**Collected data**.
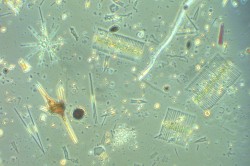 Blick durchs Mikroskop auf die vielfältige Mikroalgengemeinschaft eines Sees zu sehen sind verschiedene Kieselalgen (Diatomeen), Grünalgen und Panzergeißeltierchen (Dinoflagellaten). Foto: Maria Stockenreiter /LMU München Blick durchs Mikroskop auf die vielfältige Mikroalgengemeinschaft eines Sees zu sehen sind verschiedene Kieselalgen (Diatomeen), Grünalgen und Panzergeißeltierchen (Dinoflagellaten). Foto: Maria Stockenreiter /LMU München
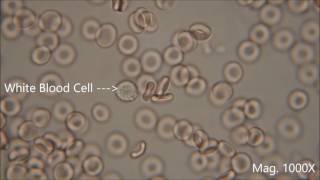 Red blood cells under the microscope hypo and hypertonic solutions [upl. by Autry]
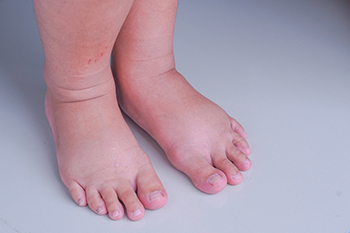 Why Swollen Feet Can Happen During Pregnancy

**Work request**.
Copy out the listing exactly as it stands, but not the pictures.

**Response to this task**.
 Blick durchs Mikroskop auf die vielfältige Mikroalgengemeinschaft eines Sees zu sehen sind verschiedene Kieselalgen (Diatomeen), Grünalgen und Panzergeißeltierchen (Dinoflagellaten). Foto: Maria Stockenreiter /LMU München Blick durchs Mikroskop auf die vielfältige Mikroalgengemeinschaft eines Sees zu sehen sind verschiedene Kieselalgen (Diatomeen), Grünalgen und Panzergeißeltierchen (Dinoflagellaten). Foto: Maria Stockenreiter /LMU München
 Red blood cells under the microscope hypo and hypertonic solutions [upl. by Autry]
 Why Swollen Feet Can Happen During Pregnancy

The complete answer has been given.